C'est d'abord oublier qu'au delà du symbole - celui, si fort, de la réconciliation - le traité de l'Elysée a aussi ouvert sur une phase d'ambiguïtés et de controverses que sa ratification difficile par le Bundestag devait illustrer. L'Allemagne d'alors était loin de partager la volonté gaullienne d'équilibrer l'influence des États-Unis sur l'Europe par une politique d'Indépendance dont l'Union européenne serait le prolongement. C'est au fur et à mesure du ralliement de la France à l'idée d'une véritable intégration que le rapprochement s'est consolidé et a pu devenir l'axe du développement européen symbolisé par une succession de couples politiques : Giscard-Schmidt et Kohl-Mitterrand tout particulièrement.

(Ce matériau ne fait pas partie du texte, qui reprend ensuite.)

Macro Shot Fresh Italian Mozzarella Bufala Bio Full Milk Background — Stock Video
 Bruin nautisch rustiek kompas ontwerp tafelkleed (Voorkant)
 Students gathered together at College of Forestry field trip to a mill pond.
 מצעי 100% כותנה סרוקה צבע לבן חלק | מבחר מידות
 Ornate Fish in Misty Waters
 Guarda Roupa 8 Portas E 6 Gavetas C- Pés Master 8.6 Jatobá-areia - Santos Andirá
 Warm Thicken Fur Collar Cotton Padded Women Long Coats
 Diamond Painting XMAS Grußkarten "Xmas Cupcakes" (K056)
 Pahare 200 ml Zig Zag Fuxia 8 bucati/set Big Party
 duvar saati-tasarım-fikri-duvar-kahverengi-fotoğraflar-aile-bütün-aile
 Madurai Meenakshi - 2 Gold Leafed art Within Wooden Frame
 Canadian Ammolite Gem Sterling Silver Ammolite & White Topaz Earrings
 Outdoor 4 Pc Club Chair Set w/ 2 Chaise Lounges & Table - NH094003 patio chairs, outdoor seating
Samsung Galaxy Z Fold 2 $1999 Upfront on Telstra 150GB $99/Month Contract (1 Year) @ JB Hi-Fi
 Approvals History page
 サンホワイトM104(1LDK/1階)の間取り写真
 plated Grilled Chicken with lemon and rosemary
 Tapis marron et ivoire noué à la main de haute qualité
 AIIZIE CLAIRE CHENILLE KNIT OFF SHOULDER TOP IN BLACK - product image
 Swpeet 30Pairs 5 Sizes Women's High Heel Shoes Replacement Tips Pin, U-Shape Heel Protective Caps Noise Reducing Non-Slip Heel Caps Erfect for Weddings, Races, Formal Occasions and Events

Ce serait négliger ensuite un fait nouveau, bien que l'élément déclencheur date de plus de vingt ans : la réaffirmation politique, via la réunification, de la nation allemande et l'inévitable rééquilibrage des rapports entre nos deux pays qui en est résulté, accentué par le relatif décrochage des deux économies. Et bien que ce "découplage" fut la hantise, pourtant, des fondateurs du Système Monétaire européen puis de l'Euro, la coopération économique et financière ne fut jamais, de part et d'autre du Rhin, à la hauteur de cette obsession.
Malgré ces bouleversements, l'amitié franco-allemande reste intacte ! Mais plus comme une survivance que comme un projet. Nos deux pays savent que leurs destins sont liés, économiquement, socialement et stratégiquement. Tous deux, peut-être les seuls désormais en Europe, conservent, en dépit parfois de leurs dirigeants, la volonté de peser dans les affaires du monde. Leur taille, leur histoire, leurs valeurs, leurs savoir-faire, les poussent à ne pas se résigner. Même si leurs élites se montrent parfois fatiguées et leurs leaders en panne d'inspiration.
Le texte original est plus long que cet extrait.